WORK TO BE COMPLETED
What follows is a set of records. Retype them exactly, leaving out the pictures.

Image-text web data
··········

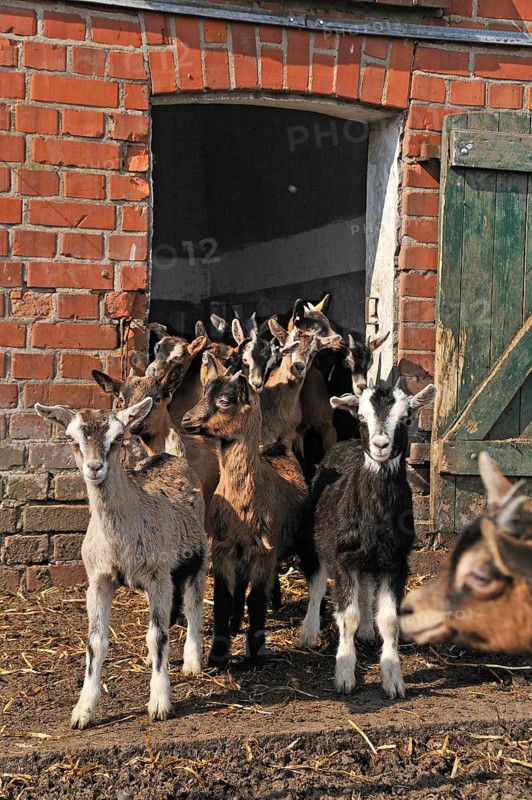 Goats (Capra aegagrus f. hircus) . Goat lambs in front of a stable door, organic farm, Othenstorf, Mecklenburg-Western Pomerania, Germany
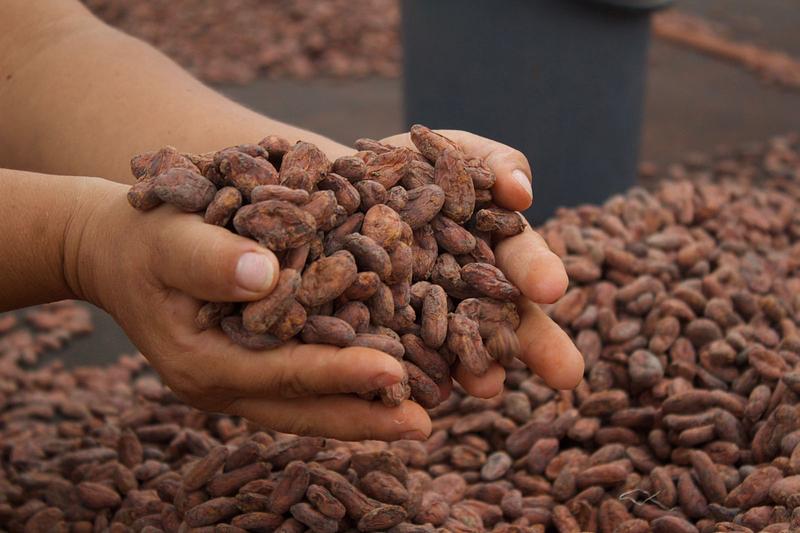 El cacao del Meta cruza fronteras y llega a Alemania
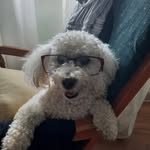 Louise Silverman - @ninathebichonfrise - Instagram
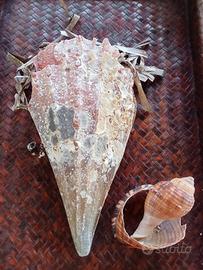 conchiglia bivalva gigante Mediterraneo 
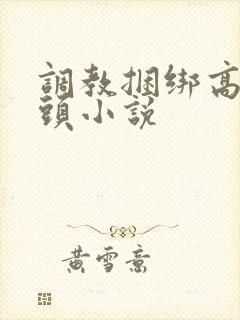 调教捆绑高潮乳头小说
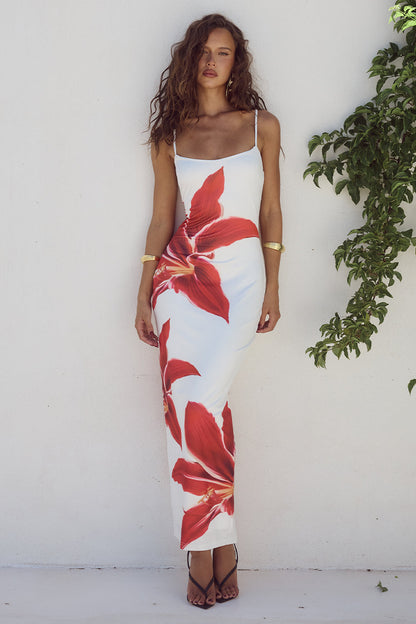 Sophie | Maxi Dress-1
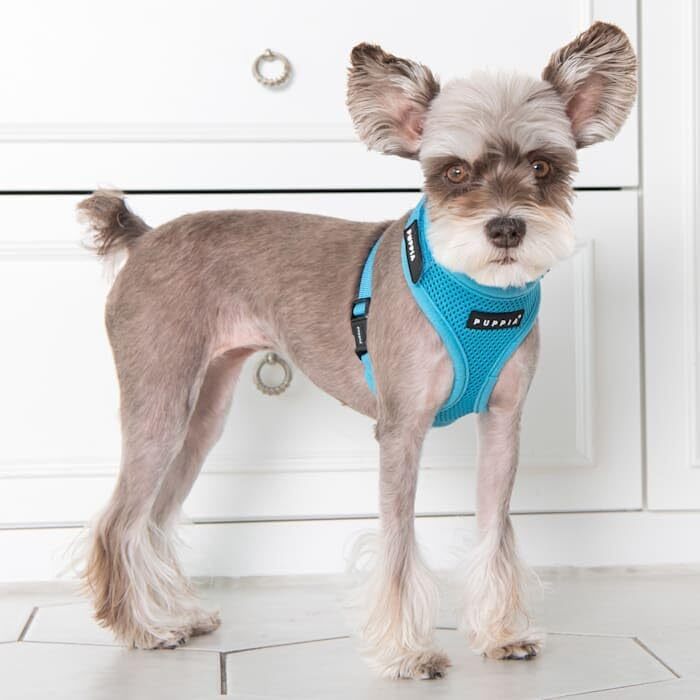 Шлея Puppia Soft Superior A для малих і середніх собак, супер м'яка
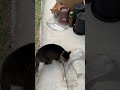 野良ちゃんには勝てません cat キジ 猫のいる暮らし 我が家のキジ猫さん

··········

FINISHED TASK
 Goats (Capra aegagrus f. hircus) . Goat lambs in front of a stable door, organic farm, Othenstorf, Mecklenburg-Western Pomerania, Germany
 El cacao del Meta cruza fronteras y llega a Alemania
 Louise Silverman - @ninathebichonfrise - Instagram
 conchiglia bivalva gigante Mediterraneo 
 调教捆绑高潮乳头小说
 Sophie | Maxi Dress-1
 Шлея Puppia Soft Superior A для малих і середніх собак, супер м'яка
 野良ちゃんには勝てません cat キジ 猫のいる暮らし 我が家のキジ猫さん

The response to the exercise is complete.